街道レーサーのカスタムは意外と様式美を重んじるところがあり、大方の予想にそぐわない選択をすると、「わかってない」というレッテルを貼られがちだ。街道レーサー全盛期には誰も想像がつかないような破天荒さをもって世間に衝撃を与えるような仕様もあったが、世間の目も当局の監視も厳しい昨今では、そういった仕様に仕上げること自体が難しくもある。
今回、ここで紹介するジャパンは、そうした監視の目をかいくぐれるというか、スタイルとしては大きな問題はないがインパクトは強いという稀有な仕様の一台だ。
もう、パッと見で印象しか残らないショッキングピンクのボディに水色の水玉模様がまずヤバい。過去に例がないわけではないが、スッと思いつくのは『シャコタン★ブギ』のハジメちゃんソアラ仕様くらい。それだけにインパクトも強烈だ。

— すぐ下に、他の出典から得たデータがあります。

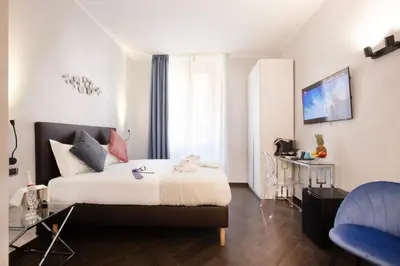a hotel room with a bed and a desk at Cloud 9 Hotel in Rome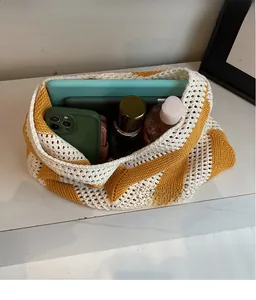 Interior view of spacious knit tote bag showing capacity for tablet and daily items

さらに面白いのが、プレスラインをなぞるようにフリーハンドでラインが加えられている点。フリーハンドで書き加えられているため、よりマンガ感が強調されている。逆に、叩き出しのフロントフェンダーやサーフィンラインも、このラインがあることで強調されることに。また、ところどころヤレ感を演出しているのも面白い。
もっとも面白いのが、いわゆる“オノマトペ”が書き加えられている点。オノマトペとはマンガの擬音を図案化したもので、ボンネット上の『ゴォォォン ゴォン』がそれ。
様々な現場で街道レーサー仕様の旧車を拝見しているが、さすがにこういった仕様はお目にかかったことがない。スプレーではなく、塗料でハケ塗りしている点も好感が持てる。
マフラーは短めながら竹やりの2本だしで、中間は星型のマークを溶接して強化。このマフラー部分にもラインを入れるなどして統一感を保っているのが面白い。
ちなみに、こちらは沖縄の車両。旧車が入ってきにくく、四方が海のため塩害なども切実で保管にも細心の注意が必要なはず。それでも、この独創性でこのクオリティを保っているのは尊敬に値する。